======== Material for the task

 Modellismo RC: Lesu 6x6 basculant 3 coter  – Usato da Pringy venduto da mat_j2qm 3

================
======== Material for the task

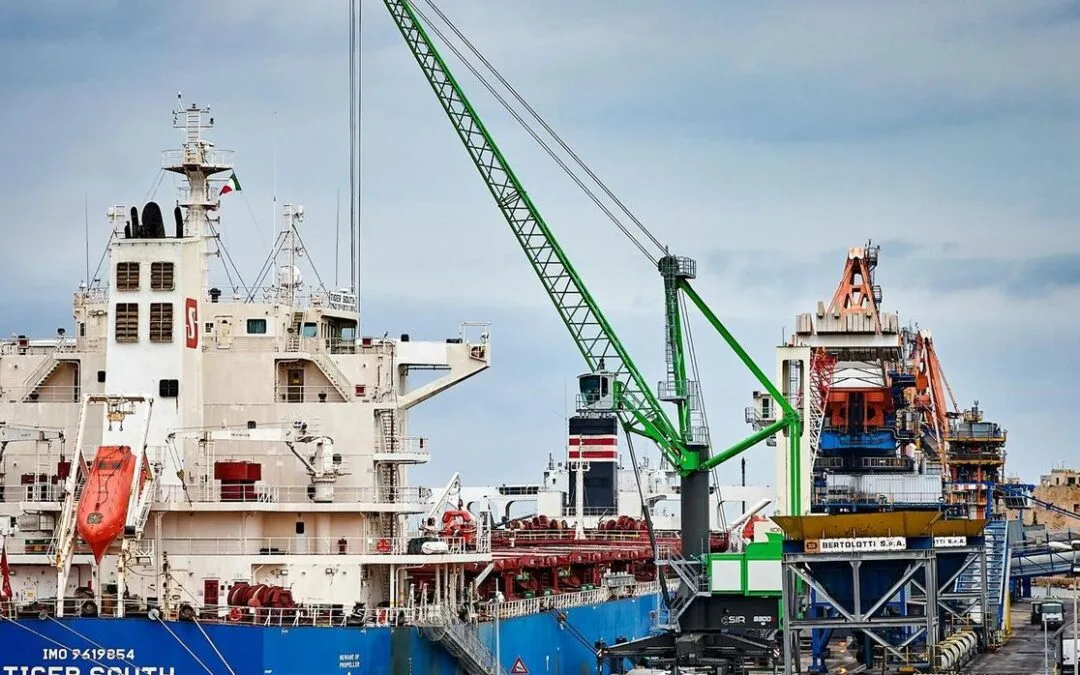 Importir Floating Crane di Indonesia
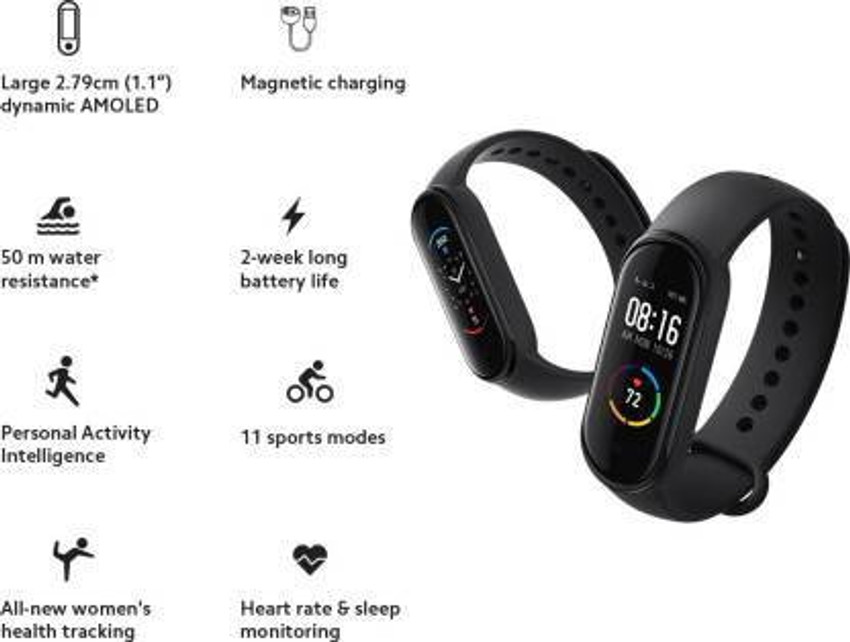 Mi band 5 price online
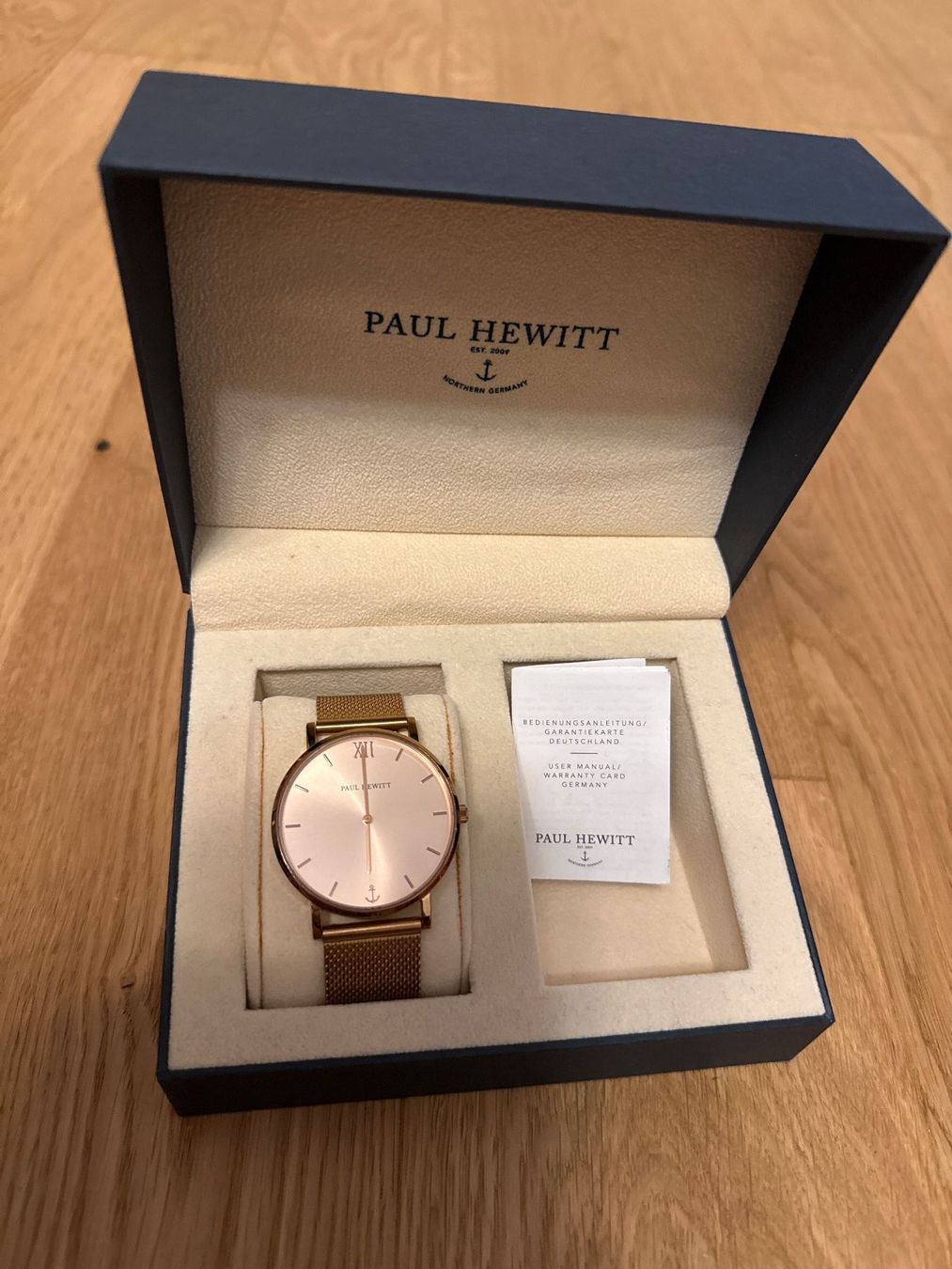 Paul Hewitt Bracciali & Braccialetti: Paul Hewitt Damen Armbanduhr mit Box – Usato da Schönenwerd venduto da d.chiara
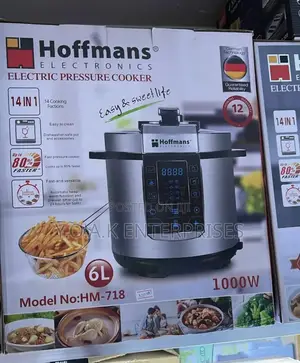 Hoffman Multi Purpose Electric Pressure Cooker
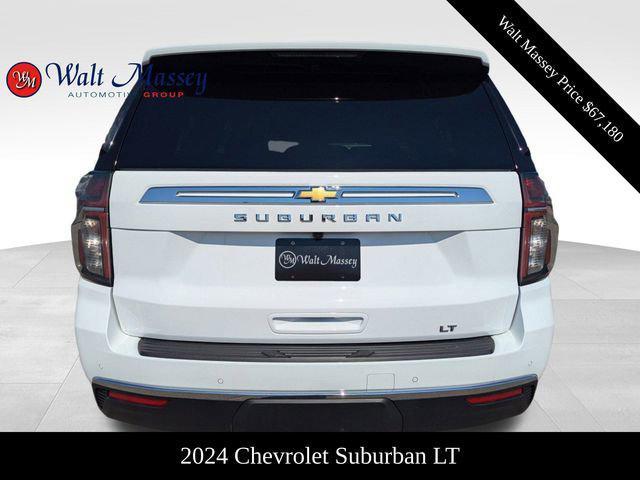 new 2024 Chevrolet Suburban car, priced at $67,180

================
======== Material for the task

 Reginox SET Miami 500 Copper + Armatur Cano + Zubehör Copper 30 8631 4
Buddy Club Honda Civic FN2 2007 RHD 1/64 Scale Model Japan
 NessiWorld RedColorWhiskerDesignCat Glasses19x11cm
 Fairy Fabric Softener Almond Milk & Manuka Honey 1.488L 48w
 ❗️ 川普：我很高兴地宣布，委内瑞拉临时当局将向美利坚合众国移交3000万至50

================

Problem description :: Repeat only the stretch of data above that runs from the line with "Mi band 5 price online" to the line with "new 2024 Chevrolet". Keep both end lines; exclude pictures.

Exercise solution ::
 Mi band 5 price online
 Paul Hewitt Bracciali & Braccialetti: Paul Hewitt Damen Armbanduhr mit Box – Usato da Schönenwerd venduto da d.chiara
 Hoffman Multi Purpose Electric Pressure Cooker
 new 2024 Chevrolet Suburban car, priced at $67,180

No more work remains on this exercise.